Why does my 16×16 icon look blurry?

Detail that fits comfortably at 720×480 turns into mush at 16×16. A DVD-resolution frame with text or fine line art downscales to a smear. For tiny sizes, capture the MPG frame at 256 px first (using the 256p preset) and design around a bold silhouette with no fine text and high contrast — that's what reads at favicon size.

Can the MPG be from a DVD rip, a TV capture card, or an old camcorder?

Yes — if the file is a valid MPEG program stream or system stream with MPEG-1 / MPEG-2 video inside, the frame extractor decodes it. DVD rips (with the VOB demuxed to MPG), Hauppauge / Plextor capture-card output, MiniDV-to-MPEG-2 transfers, and legacy editor exports all work. The extractor reads the source video stream directly, so the resulting ICO matches the original pixels.

Should I use a quality preset or bit depth setting?

Quality preset controls how aggressively the encoder optimizes the icon's image data — Very High is a sensible default and keeps the icon sharp at every Windows display scale. Image bit depth controls the color count: 1-bit gives a monochrome silhouette icon (smallest file, retro aesthetic), 8-bit gives 256 indexed colors (good for flat-color logos), and 16-bit preserves more photographic detail. For most modern app icons, 8-bit or higher is the right call.

Can I convert several MPG clips into icons at once?

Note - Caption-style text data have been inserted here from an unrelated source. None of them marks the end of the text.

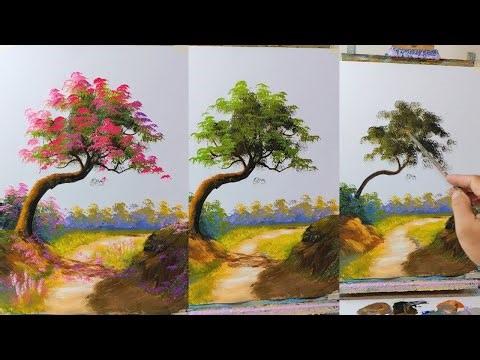 How to Paint a Spring Tree with Blooming Flowers by the Road | Sunlight Landscape Art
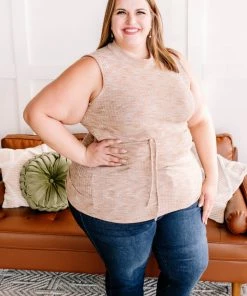 No Ship Drop Ship Say It With Style Mock Neck Top In Caramel Apparel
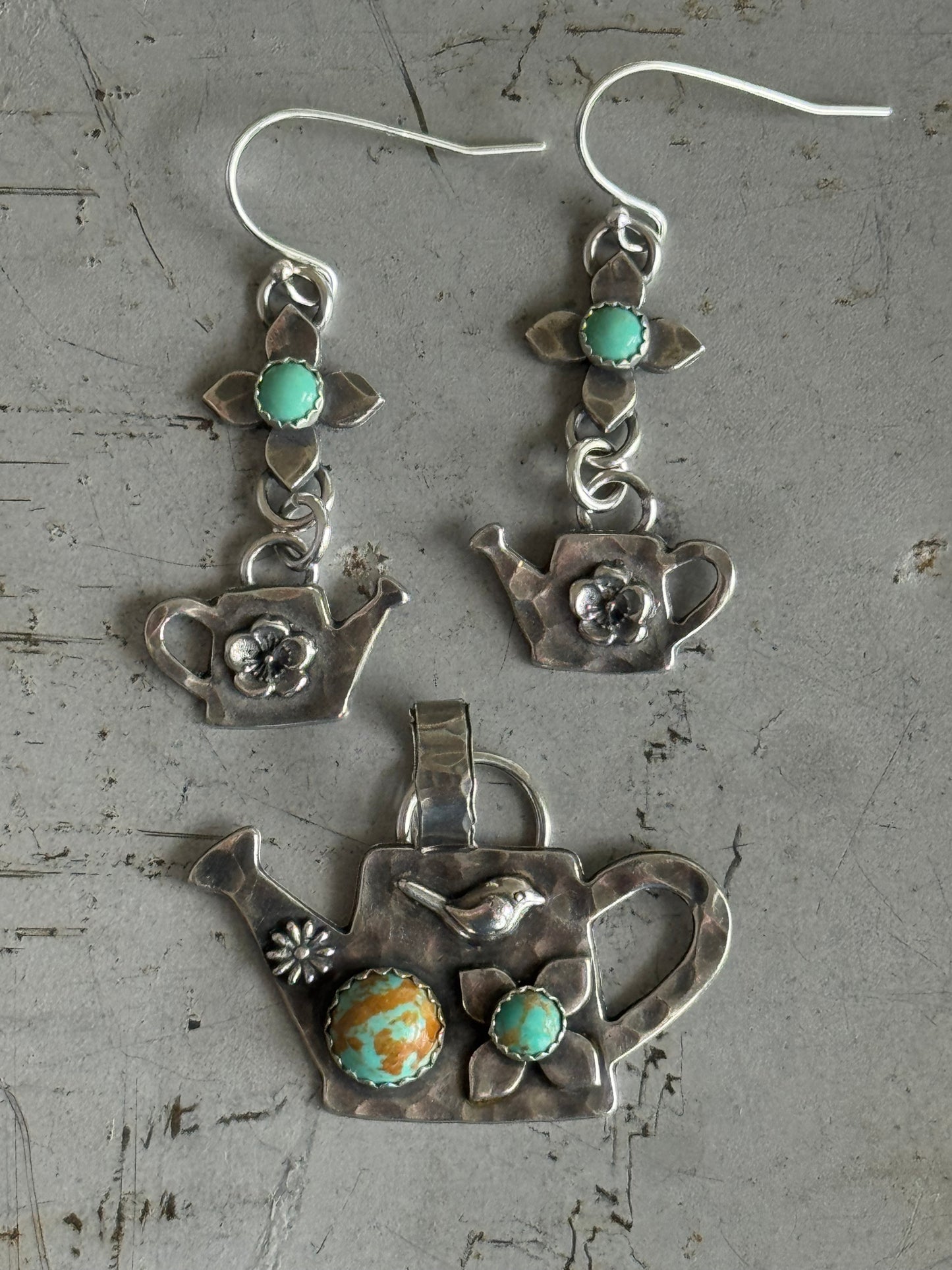 Kingman Turquoise sterling watering can pendant only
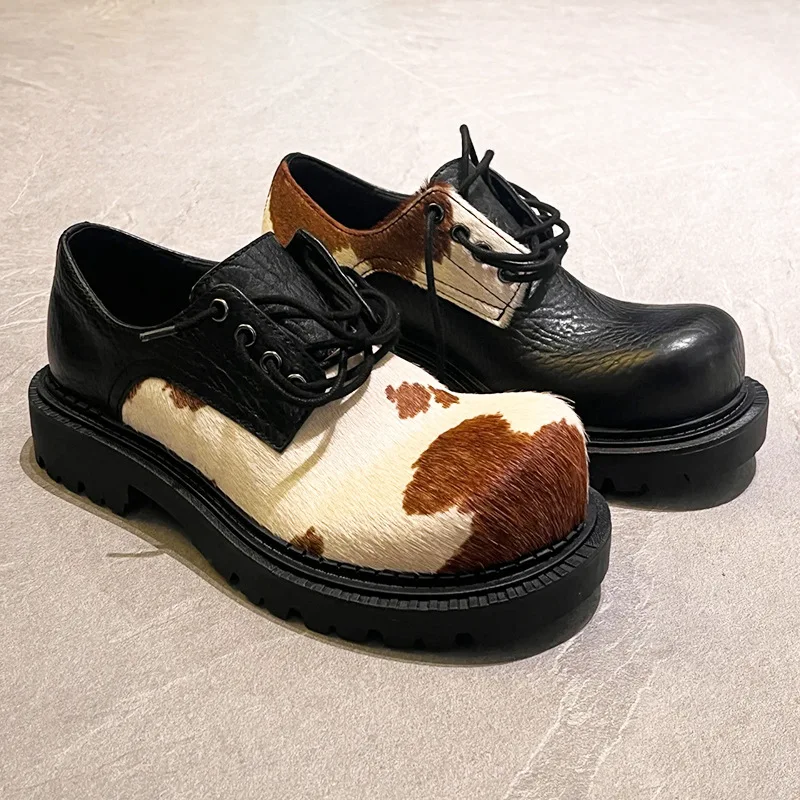 

New Women's Shoes Retro Genuine Leather Derby Shoes for Woman Fashion Britain Platform Casual Shoe Designer Shoes Zapatos Mujer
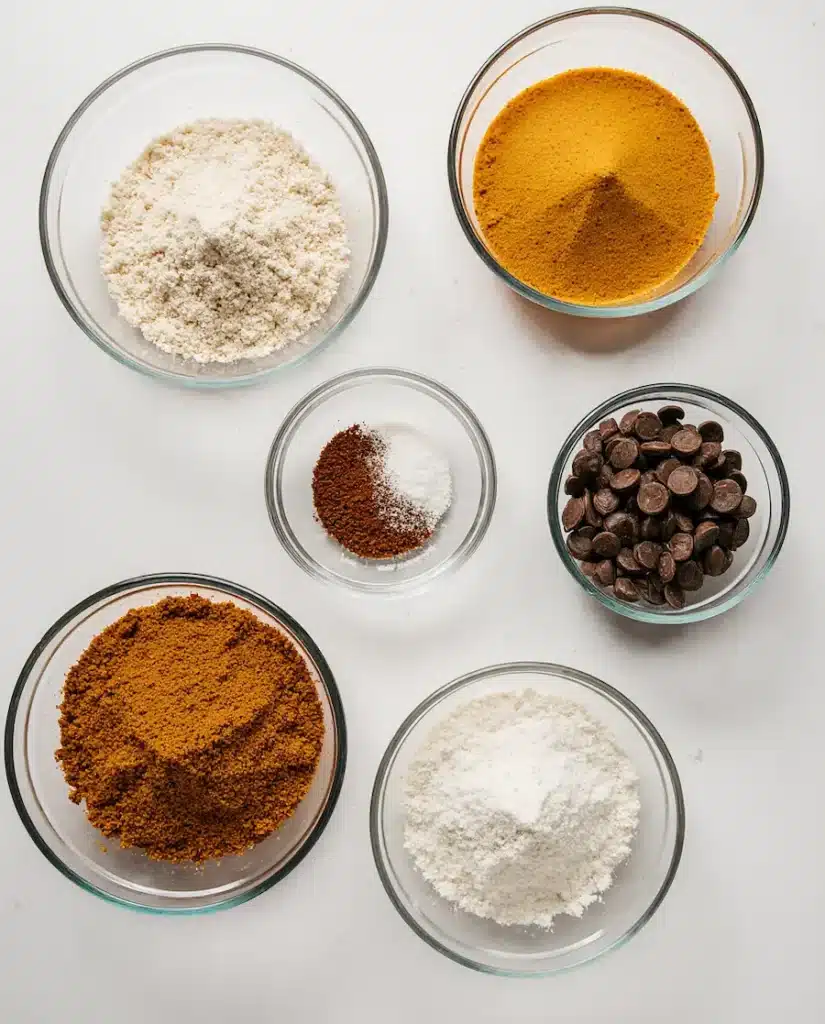 ingredients for pumpkin chocolate chip cookies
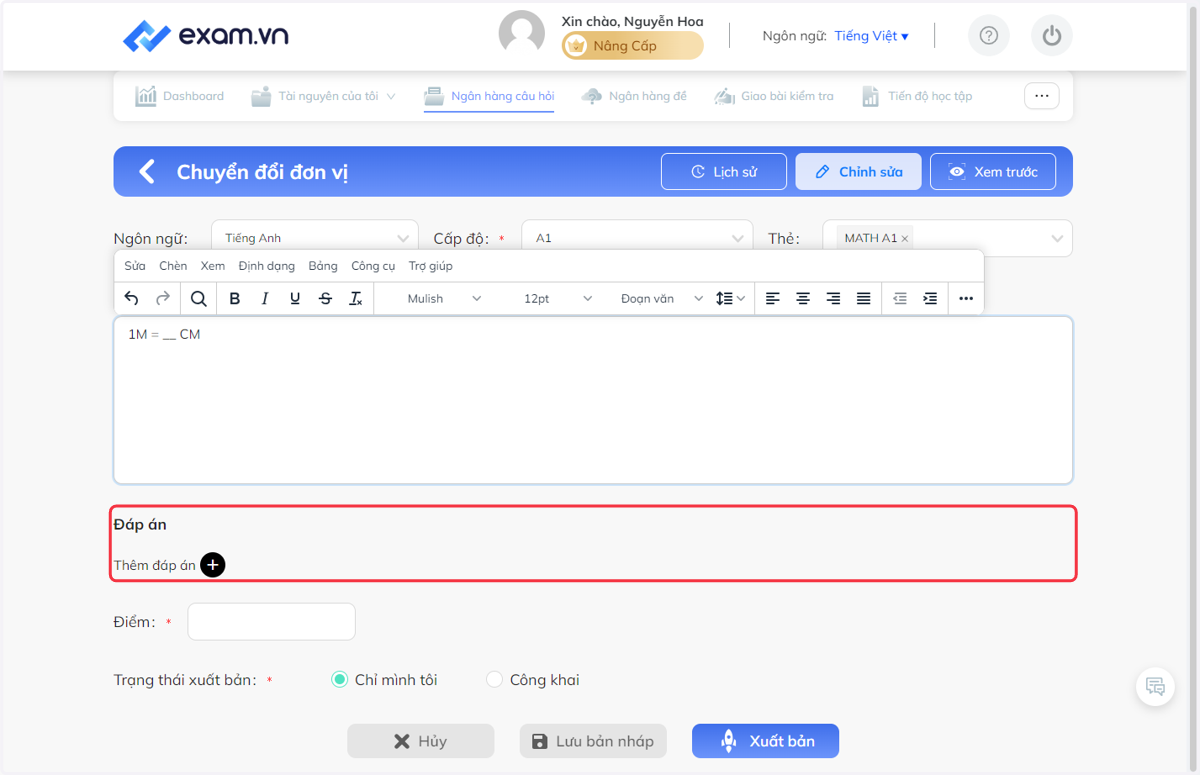 Bấm chọn "+" để tạo đáp án tự động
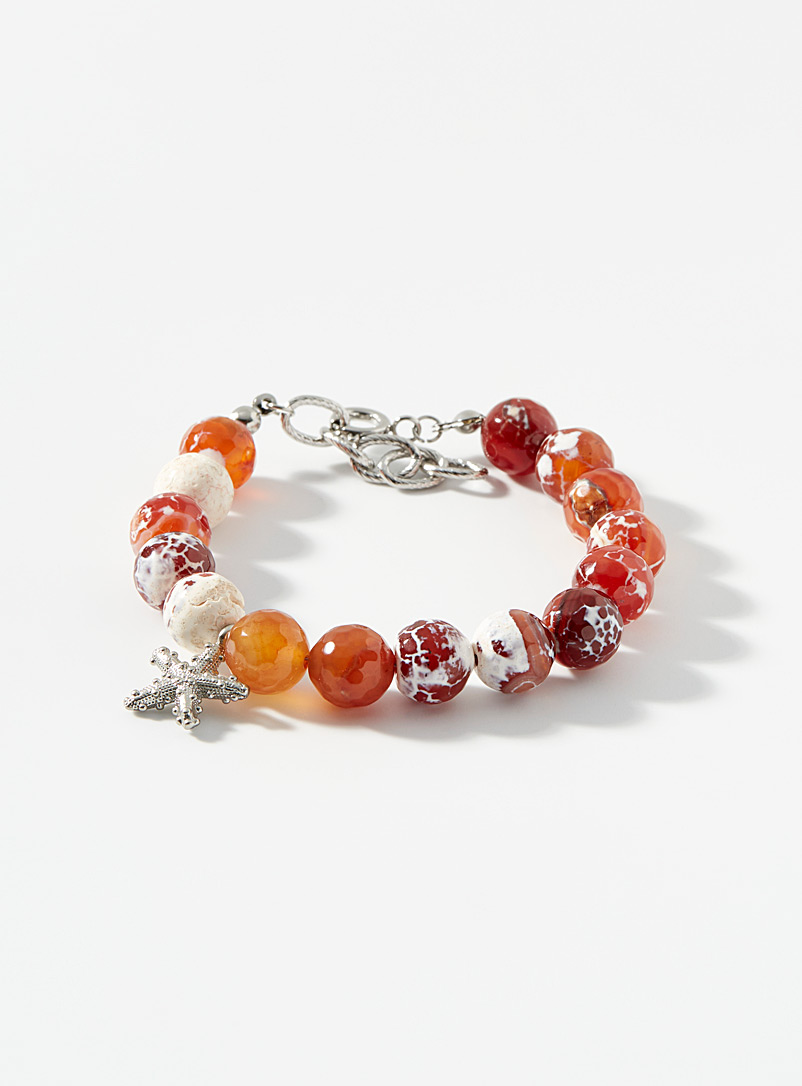AFTER PRAY: Le bracelet agate orange étoile de mer Orange pour homme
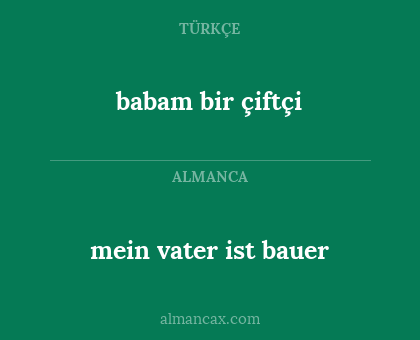 babam bir çiftçi - mein vater ist bauer
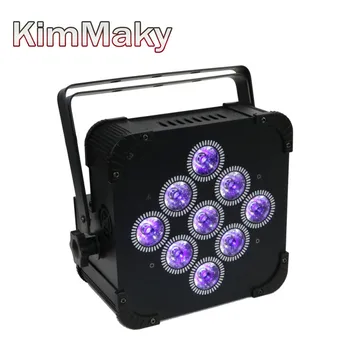 

8 light DJ Smart Uplight Wash Light Black 9X18W led rgbwa uv wireless dmx led slim par can light battery powered led uplights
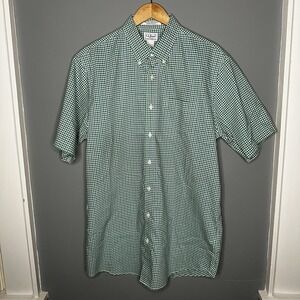 LL Bean Mens Wrinkle Resistant Shirt Gingham Check Green Blue Short‎ Sleeve LT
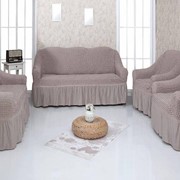 Комплект чехлов для дивана и 2 кресел серо-розовый фото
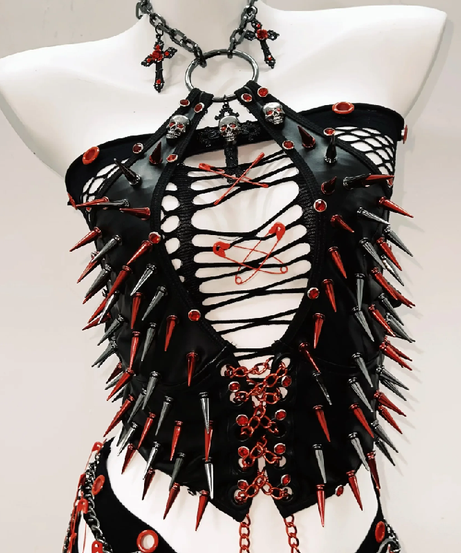 Fierce Spiked & Chained Goth Punk Halloween Set - Strapless Top, Shorts & Choker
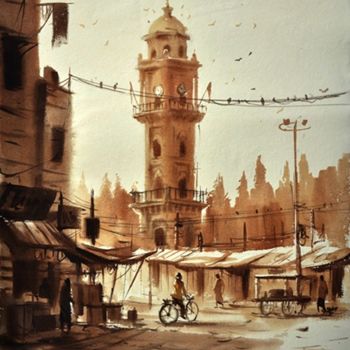 Schilderij getiteld "mahboob-chowk-clock…" door Kishore Singh, Origineel Kunstwerk, Olie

Yes. Drop in multiple MPG files and each one extracts its own ICO with the same frame selection settings — handy when every clip's title frame should become the icon for a corresponding folder or shortcut. Output downloads individually or as a ZIP archive.

What if I need a multi-size ICO bundle for a Windows installer?

Generate the highest-resolution ICO first (256p) from the MPG frame, then run additional conversions at 48p, 32p, and 16p. Bundle them in a tool that supports multi-image ICO (IcoFX, or magick convert with multiple input PNGs). For straight favicon use, a single 32×32 ICO is enough — most modern browsers also accept the source PNG via <link rel="icon" type="image/png">.